§ Given data
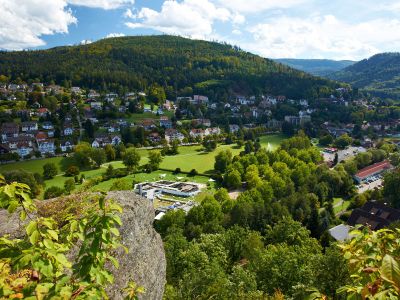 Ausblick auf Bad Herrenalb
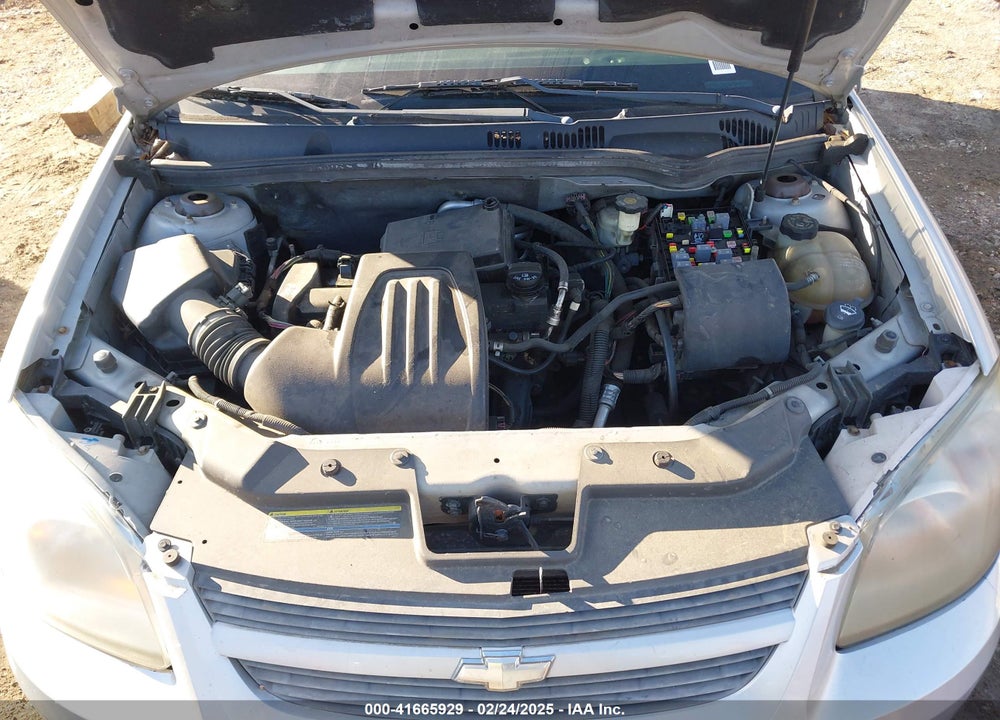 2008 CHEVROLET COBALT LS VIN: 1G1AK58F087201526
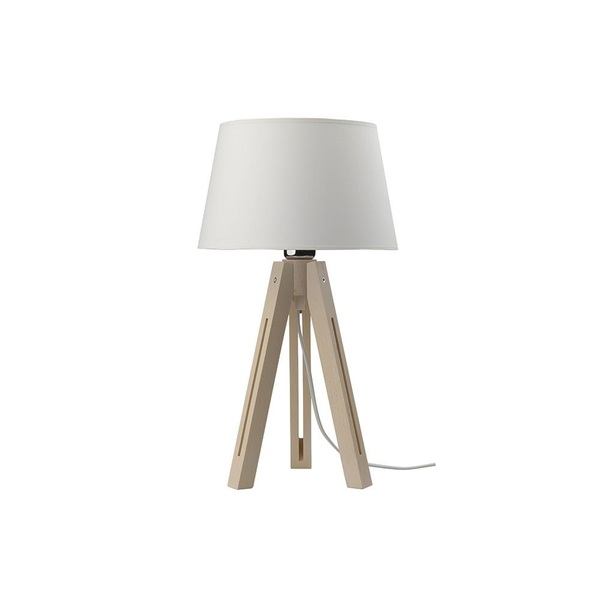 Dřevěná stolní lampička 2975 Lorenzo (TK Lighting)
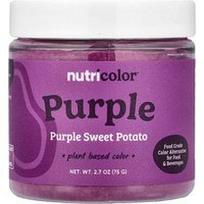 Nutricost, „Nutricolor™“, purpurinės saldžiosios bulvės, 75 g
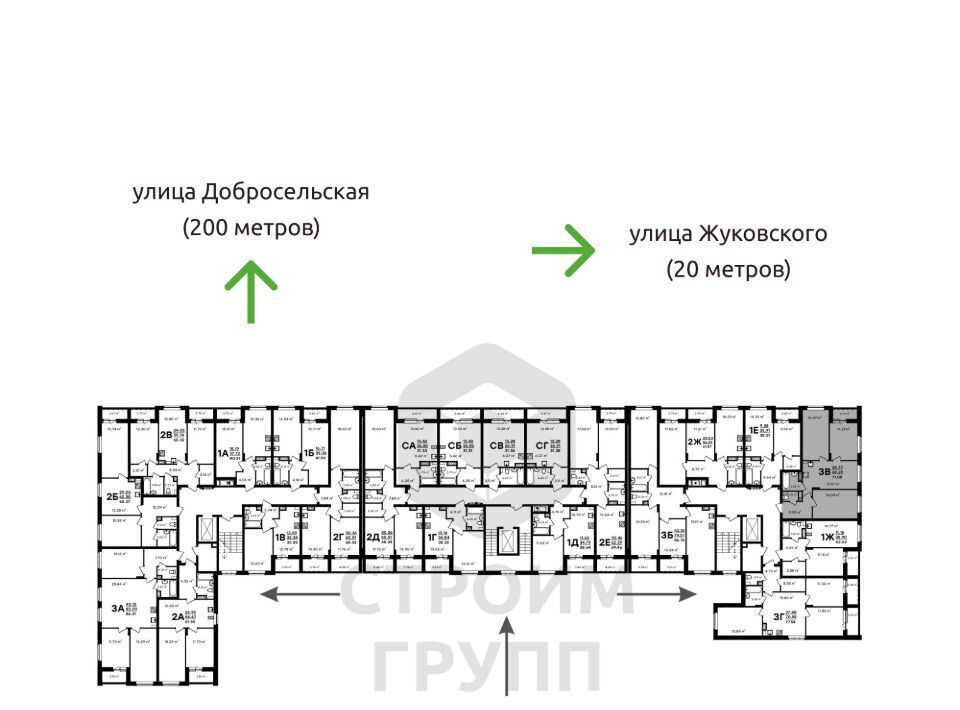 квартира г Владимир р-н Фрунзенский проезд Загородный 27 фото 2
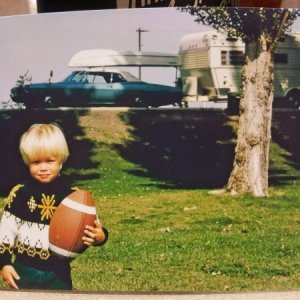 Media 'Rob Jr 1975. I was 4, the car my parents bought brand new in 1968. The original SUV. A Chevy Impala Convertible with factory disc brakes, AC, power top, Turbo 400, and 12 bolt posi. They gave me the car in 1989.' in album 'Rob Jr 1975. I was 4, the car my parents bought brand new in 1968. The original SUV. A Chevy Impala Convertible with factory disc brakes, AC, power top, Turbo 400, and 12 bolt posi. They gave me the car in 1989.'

§ Task prompt
Once the line containing "квартира г Владимир" has been copied, stop; everything from the first line of the data up to it must be copied exactly, without pictures.

§ Answer to this task
 Ausblick auf Bad Herrenalb
 2008 CHEVROLET COBALT LS VIN: 1G1AK58F087201526
 Dřevěná stolní lampička 2975 Lorenzo (TK Lighting)
 Nutricost, „Nutricolor™“, purpurinės saldžiosios bulvės, 75 g
 квартира г Владимир р-н Фрунзенский проезд Загородный 27 фото 2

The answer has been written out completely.